Kolkata: The literary and film community on February 1 came out in support of controversial author Salman Rushdie and blamed the West Bengal government for cancellation of his visit to the metropolis. "If a world-renowned writer is unable to come to Kolkata, then it is extremely unfortunate," Magsaysay award-winning author Mahasweta Devi said.
"Kolkata has always remained an open city for all. It has welcomed and helped writers from all over the world. That way it has a different type of depth. But what is happening now is very strange and I don't find any logic in it," she told reportesr. The state government should have given Rushdie adequate security and arrangements for his stay in the city, she added.
Renowned filmmaker Mrinal Sen said, "This is injustice to Rushdie. When I hear things like this it gets on to my nerves." Veteran actor and Dadasaheb Phalke awardee Soumitra Chatterjee also condemned the incident saying it is "sad and unfortunate".
When contacted, exiled Bangladeshi author Taslima Nasreen, who was bundled out of Kolkata in 2007 following violent protests over renewal of her visa, said the people had been silent then and "it has now become a trend in Kolkata to protest against writers."

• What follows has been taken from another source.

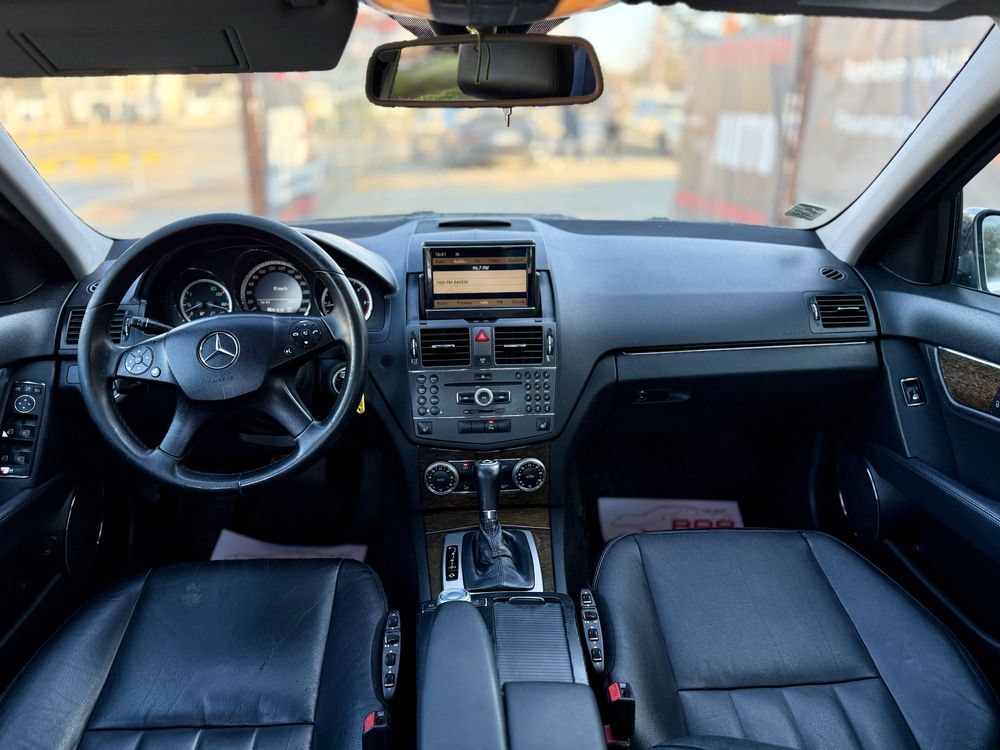 • Mercedes C Classe C220 / 2010 Euro 5 / Automat • Rate • Parc Auto •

"The real reason is the hypocrisy of the intellectuals of Kolkata who were silent when I was thrown out of the city. Now these maulvis have been strengthened and encouraged to do anything at their will." In a democracy and secular country, there should be freedom of speech and expression and also of movement of authors.

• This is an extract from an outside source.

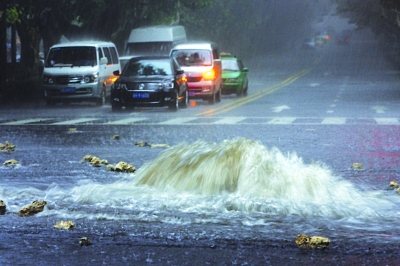 南京城遭遇特大暴雨 市民调侃汽车变潜水艇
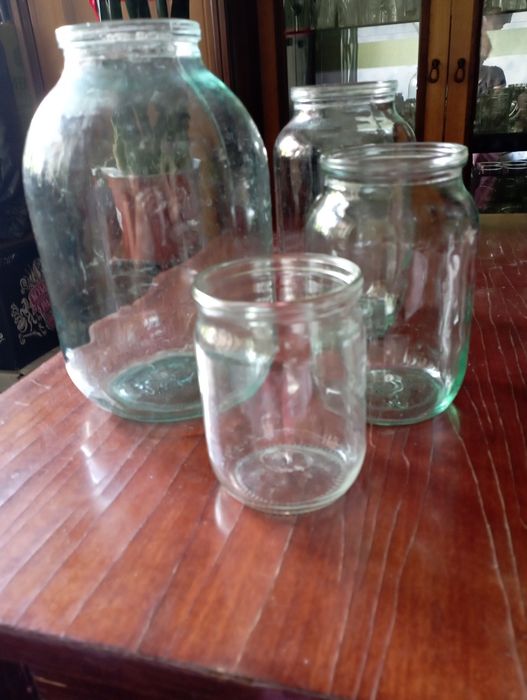 Банки для консервації є різна кількість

"India is not like Pakistan or Bangladesh where such freedom is violated. So we need to condemn this and protest against it."
Rushdie alleged that he was forced to cancel his trip to Kolkata after being threatened that he would be bundled out on the first flight by the police on orders from Chief Minister Mamata Banerjee. He made his allegations in a statement before flying out of the country on February 1.